Grand Cayman’s most obnoxious problems — our out-of-control garbage situation and runaway feral dog population — may actually be one and the same.
That’s according to a pair of prominent canine scientists featured recently in The New York Times.
The association rings true to us. Generally speaking, an animal population requires a couple of things for survival: habitat and food.
With wide expanses of bush and unprotected rubbish bins on every corner — not to mention litter strewn on the roadside, residences that welcome in “part-time pets” at night, and the mountain of solid waste at the George Town Landfill — Grand Cayman is a practical paradise for “village dogs,” or what scientists Raymond and Lorna Coppinger describe as “superbly adapted scavengers.”
The Coppingers have spent decades studying these waste-dependent creatures, to the point of arriving at mathematical certainties. “The number of dogs that can survive in a city or a neighborhood or at a dump is determined by the available garbage. The Coppingers calculated that in the tropics it takes about 100 people to produce enough garbage to support seven free-living dogs,” according to the Times.
Extrapolating that to Grand Cayman and its 60,000 human residents (and factoring in garbage from our tourists and cruise visitors), that means our island could probably support a “village dog” population of 10,000 or more.

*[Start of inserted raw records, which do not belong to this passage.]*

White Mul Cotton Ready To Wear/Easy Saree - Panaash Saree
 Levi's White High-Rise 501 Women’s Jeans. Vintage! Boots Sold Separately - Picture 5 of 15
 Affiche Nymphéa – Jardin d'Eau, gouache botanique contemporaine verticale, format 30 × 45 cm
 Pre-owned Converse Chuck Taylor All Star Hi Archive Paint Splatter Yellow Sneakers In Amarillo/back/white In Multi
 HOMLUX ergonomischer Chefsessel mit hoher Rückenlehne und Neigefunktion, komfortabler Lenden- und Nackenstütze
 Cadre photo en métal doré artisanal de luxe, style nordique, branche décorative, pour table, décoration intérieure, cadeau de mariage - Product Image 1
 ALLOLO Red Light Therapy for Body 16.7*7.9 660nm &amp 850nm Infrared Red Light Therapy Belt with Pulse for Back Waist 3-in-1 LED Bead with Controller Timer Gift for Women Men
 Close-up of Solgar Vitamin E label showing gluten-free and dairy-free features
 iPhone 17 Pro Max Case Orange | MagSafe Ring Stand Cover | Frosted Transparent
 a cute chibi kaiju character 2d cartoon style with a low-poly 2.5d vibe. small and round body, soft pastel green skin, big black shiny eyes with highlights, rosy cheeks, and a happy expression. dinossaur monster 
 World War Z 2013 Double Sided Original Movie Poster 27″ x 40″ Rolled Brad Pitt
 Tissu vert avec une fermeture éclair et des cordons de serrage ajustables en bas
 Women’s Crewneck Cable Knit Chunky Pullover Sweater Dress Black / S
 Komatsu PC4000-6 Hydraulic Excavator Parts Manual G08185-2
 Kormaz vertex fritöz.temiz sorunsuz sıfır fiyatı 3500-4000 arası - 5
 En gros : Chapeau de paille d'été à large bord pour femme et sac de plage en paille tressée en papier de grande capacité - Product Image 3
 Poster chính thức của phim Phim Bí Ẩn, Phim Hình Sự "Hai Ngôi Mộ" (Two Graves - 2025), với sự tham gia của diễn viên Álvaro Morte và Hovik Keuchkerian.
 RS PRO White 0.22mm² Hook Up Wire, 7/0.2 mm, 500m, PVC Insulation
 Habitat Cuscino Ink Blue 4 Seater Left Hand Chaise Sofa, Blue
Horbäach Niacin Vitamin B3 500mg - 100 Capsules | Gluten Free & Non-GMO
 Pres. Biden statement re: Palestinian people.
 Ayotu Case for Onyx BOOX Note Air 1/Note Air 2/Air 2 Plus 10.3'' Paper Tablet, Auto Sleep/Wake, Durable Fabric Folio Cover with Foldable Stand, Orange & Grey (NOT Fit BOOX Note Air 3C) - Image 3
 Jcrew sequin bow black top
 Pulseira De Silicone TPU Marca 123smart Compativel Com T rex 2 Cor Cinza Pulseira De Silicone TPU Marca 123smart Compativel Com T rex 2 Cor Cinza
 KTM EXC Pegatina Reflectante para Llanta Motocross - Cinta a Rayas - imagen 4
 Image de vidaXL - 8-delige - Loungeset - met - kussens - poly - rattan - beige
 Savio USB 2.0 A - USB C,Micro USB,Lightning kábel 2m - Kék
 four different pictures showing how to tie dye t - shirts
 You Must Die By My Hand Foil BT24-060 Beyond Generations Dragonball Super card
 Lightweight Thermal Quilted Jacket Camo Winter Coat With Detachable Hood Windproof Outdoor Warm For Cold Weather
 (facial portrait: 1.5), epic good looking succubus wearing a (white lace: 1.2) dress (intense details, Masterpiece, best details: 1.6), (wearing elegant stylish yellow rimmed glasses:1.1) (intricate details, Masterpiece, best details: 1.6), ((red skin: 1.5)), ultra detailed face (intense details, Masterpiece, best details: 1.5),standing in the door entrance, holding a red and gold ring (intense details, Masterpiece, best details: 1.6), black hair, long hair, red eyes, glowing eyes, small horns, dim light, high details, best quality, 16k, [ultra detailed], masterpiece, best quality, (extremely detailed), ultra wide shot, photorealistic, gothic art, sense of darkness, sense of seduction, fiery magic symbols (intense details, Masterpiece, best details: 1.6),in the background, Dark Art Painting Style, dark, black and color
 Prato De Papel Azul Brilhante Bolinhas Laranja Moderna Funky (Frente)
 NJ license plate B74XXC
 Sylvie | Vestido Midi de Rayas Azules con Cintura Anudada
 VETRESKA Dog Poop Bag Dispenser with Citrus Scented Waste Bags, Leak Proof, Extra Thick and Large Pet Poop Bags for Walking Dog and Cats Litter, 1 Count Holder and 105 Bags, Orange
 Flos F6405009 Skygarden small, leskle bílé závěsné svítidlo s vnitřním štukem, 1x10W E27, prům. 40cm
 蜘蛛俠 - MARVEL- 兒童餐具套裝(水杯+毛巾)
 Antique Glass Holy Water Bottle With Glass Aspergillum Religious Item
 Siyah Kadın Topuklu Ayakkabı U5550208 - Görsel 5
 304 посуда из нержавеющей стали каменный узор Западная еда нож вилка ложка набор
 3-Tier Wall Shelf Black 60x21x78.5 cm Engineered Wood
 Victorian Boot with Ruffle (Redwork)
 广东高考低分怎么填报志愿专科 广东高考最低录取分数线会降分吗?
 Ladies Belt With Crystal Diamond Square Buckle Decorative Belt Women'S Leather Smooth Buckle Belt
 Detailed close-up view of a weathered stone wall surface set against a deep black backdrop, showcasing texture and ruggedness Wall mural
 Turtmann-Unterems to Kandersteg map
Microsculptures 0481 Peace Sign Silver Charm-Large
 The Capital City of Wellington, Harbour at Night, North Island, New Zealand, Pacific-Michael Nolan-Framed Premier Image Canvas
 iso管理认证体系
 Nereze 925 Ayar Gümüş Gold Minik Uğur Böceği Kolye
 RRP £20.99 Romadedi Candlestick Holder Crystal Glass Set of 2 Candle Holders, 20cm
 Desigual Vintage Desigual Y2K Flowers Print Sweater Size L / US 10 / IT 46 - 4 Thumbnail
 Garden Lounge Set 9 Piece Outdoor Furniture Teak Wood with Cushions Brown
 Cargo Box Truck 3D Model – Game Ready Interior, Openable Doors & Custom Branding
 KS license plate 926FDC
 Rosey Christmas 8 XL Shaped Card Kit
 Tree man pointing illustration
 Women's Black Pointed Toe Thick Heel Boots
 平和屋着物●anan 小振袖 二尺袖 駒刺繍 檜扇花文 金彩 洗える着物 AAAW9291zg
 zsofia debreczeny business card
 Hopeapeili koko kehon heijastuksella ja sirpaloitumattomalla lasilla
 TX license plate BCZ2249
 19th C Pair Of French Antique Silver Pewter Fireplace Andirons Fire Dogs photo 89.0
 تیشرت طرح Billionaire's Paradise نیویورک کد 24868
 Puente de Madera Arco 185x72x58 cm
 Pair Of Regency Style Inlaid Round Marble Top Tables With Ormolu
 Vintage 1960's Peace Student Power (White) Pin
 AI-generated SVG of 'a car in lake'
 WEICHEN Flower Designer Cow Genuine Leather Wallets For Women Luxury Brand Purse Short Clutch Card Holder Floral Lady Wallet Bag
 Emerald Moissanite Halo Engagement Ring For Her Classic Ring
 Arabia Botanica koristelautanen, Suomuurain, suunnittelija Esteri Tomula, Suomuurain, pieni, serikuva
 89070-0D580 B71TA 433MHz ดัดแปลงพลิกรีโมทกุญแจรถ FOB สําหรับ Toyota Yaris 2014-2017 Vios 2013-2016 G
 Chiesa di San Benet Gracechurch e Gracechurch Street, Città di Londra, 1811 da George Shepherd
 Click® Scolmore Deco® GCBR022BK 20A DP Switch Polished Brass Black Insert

The dogs that interest the Coppingers “are not mongrels or strays,” but are largely autonomous animals with their own social behaviors. “They have remarkably varied connections to human beings. Some live completely on their own at dumps. Some are neighborhood dogs, recognized and perhaps given handouts by people who live in a certain area. Others may feed and breed on their own, but spend nights at the homes of people,” according to the Times.
These free-breeding dogs outnumber “pet dogs” by three to one, globally. Out of the estimated 1 billion dogs on Earth, some 250 million are pets, and some 750 million are dogs that, as the Times puts it, “don’t have flea collars.”
Those 750 million dogs across the world have much in common with our very own “Cayman mutts,” and we’re not just referring to their lifestyle. “[I]n the tropics … a 30-pound, lion-colored dog is the norm,” Raymond Coppinger said.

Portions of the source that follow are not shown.